# EXERCISE DESCRIPTION
Skip the pictures. Return exactly the lines from the one containing "A white, round" through the end of the entries below.

# GIVEN ENTRIES

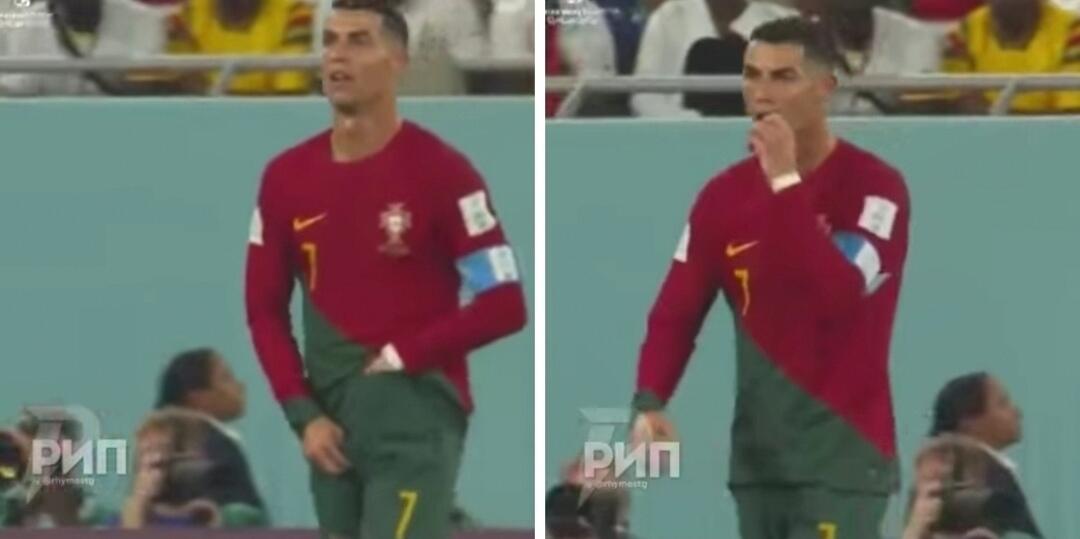 Ronaldo Diam-Diam Memakan Sesuatu dari Dalam Celananya Saat Pertandingan Berlangsung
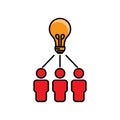 Business team flat icon. Business network building ideas icon. Design vector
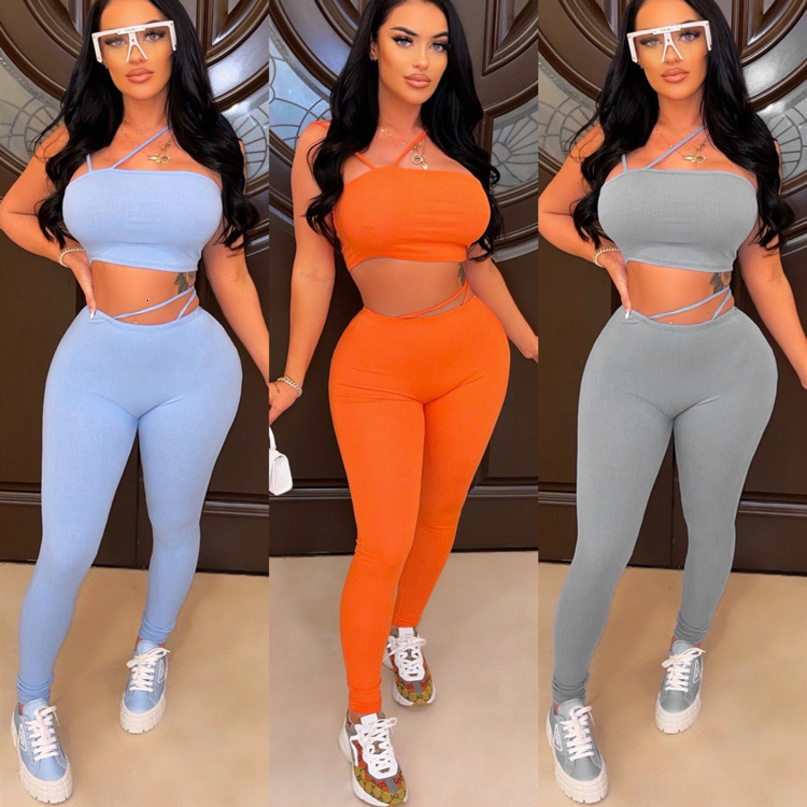 Womens Sexy Two Piece Sports Set Fashion Summer 240423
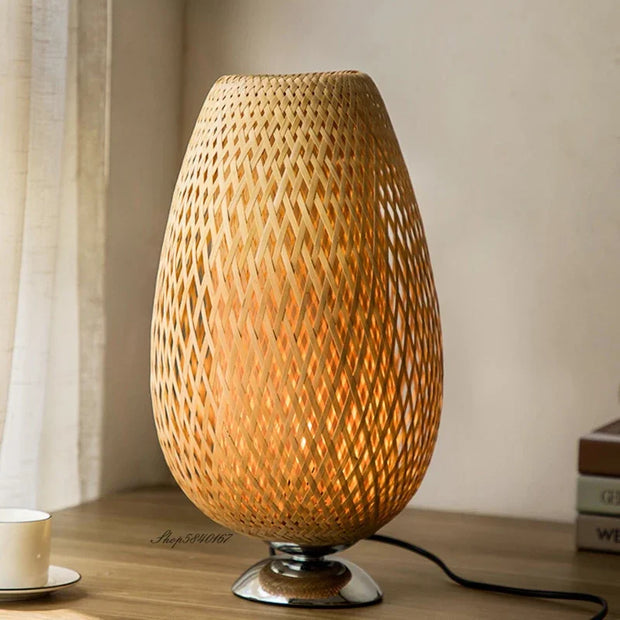 Bambus Tischlampe Vintage Stil Wohnzimmer Schlafzimmer Natürliches Licht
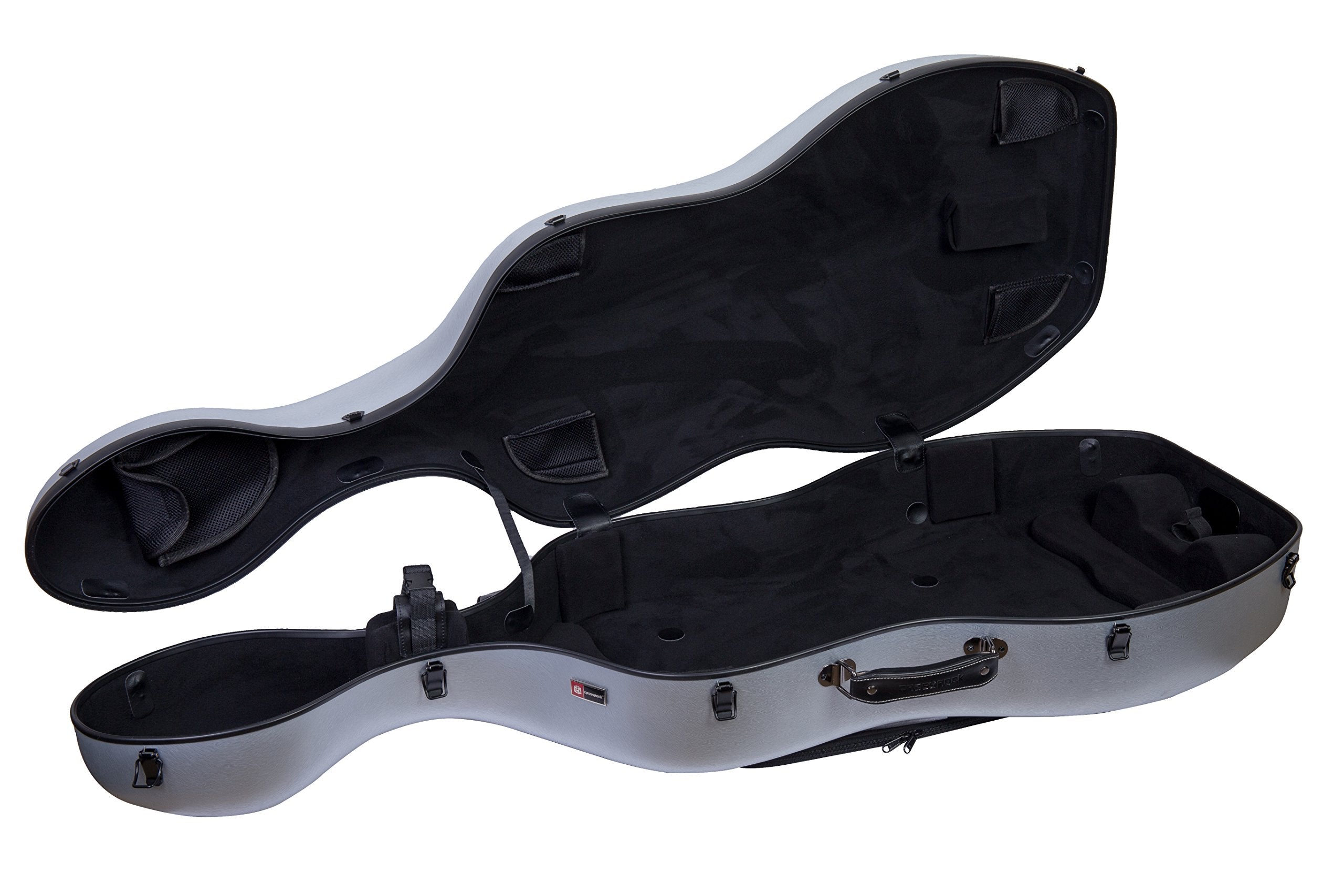 Crossrock Poly Carbon Cello Case for 4/4 Full-Size | Matte Blue Finish, Wheels, Lightweight & Durable – Best for School Orchestra & Student Musicians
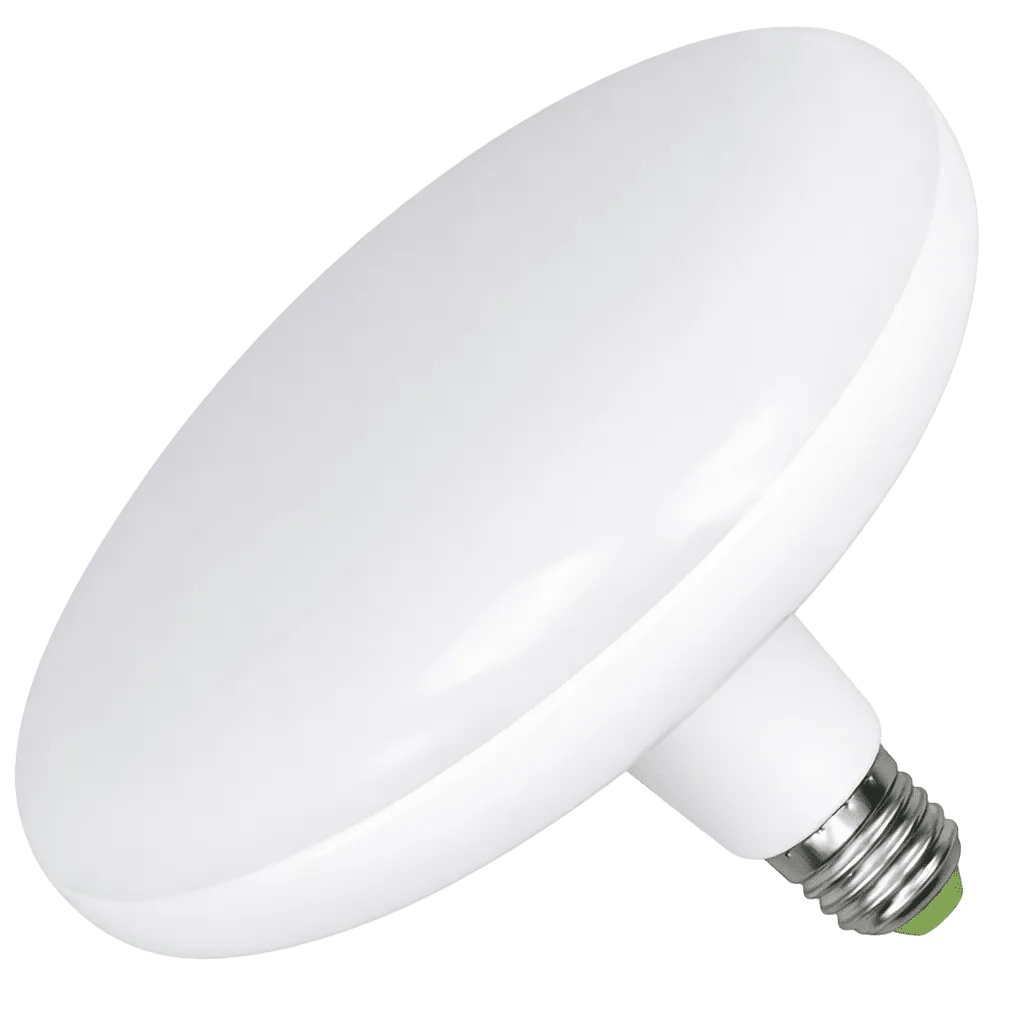 A white, round LED UFO pendant lamp with a metallic E27 base, shown at an angle against a black background.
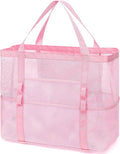 Fammart Mesh Beach Bag, Large Beach Tote with Zipper Pocket for Family Pool Bag for Toys & Vacation Essentials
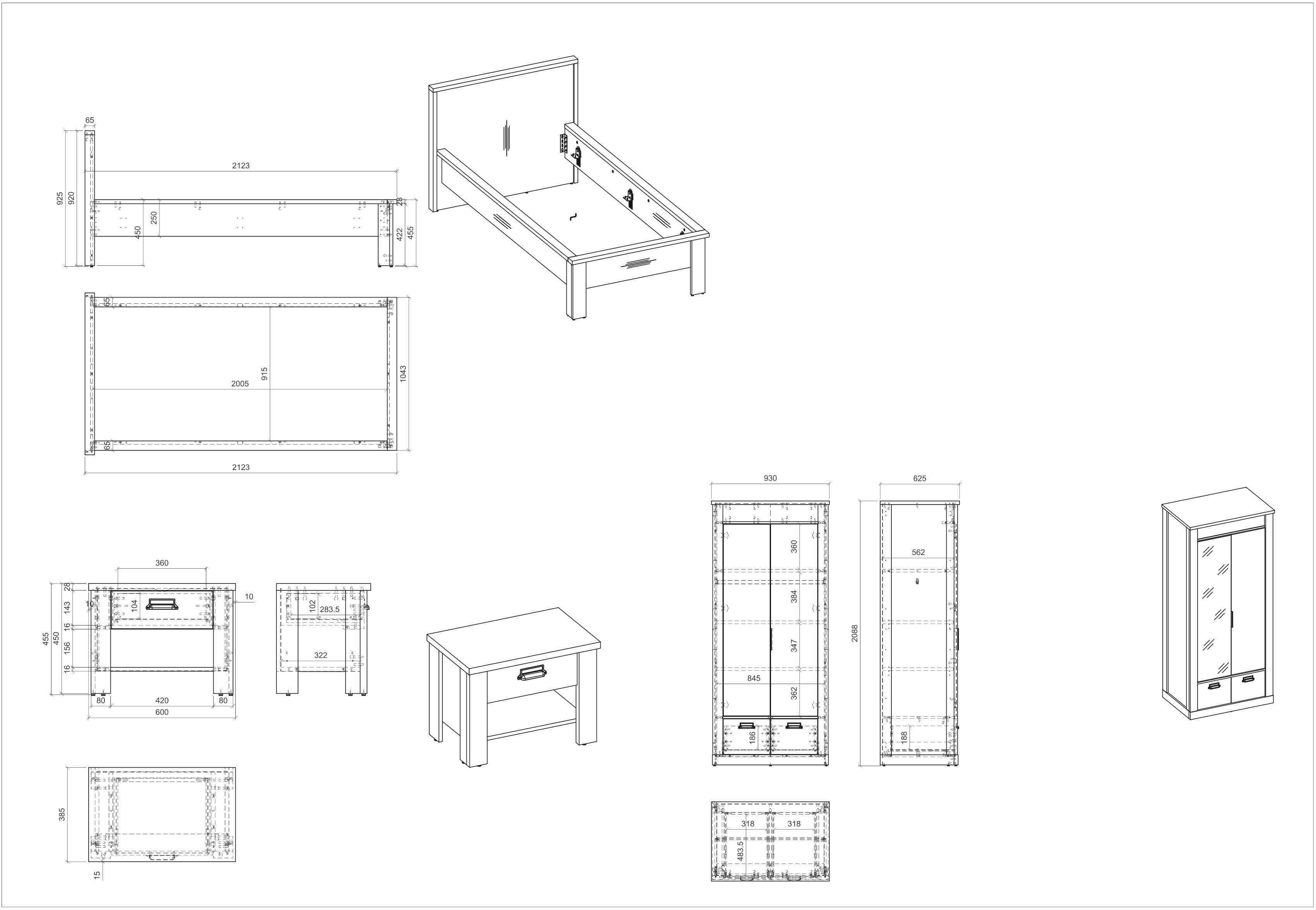 Home affaire Slaapkamerserie Sherwood Ligoppervlak 90 x 200 cm, kast 2-deurs 93 cm breed (3-delig)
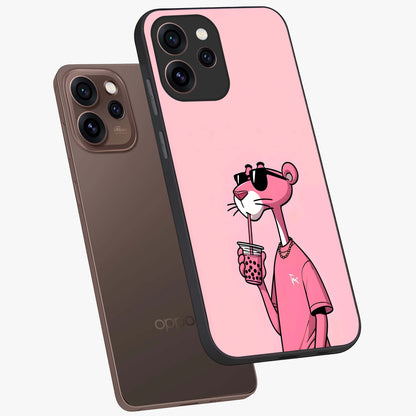 Pink Panther Glass Case displayed in angled mockup highlighting playful cartoon character design with vibrant pink aesthetic.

# SOLUTION
 A white, round LED UFO pendant lamp with a metallic E27 base, shown at an angle against a black background.
 Fammart Mesh Beach Bag, Large Beach Tote with Zipper Pocket for Family Pool Bag for Toys & Vacation Essentials
 Home affaire Slaapkamerserie Sherwood Ligoppervlak 90 x 200 cm, kast 2-deurs 93 cm breed (3-delig)
 Pink Panther Glass Case displayed in angled mockup highlighting playful cartoon character design with vibrant pink aesthetic.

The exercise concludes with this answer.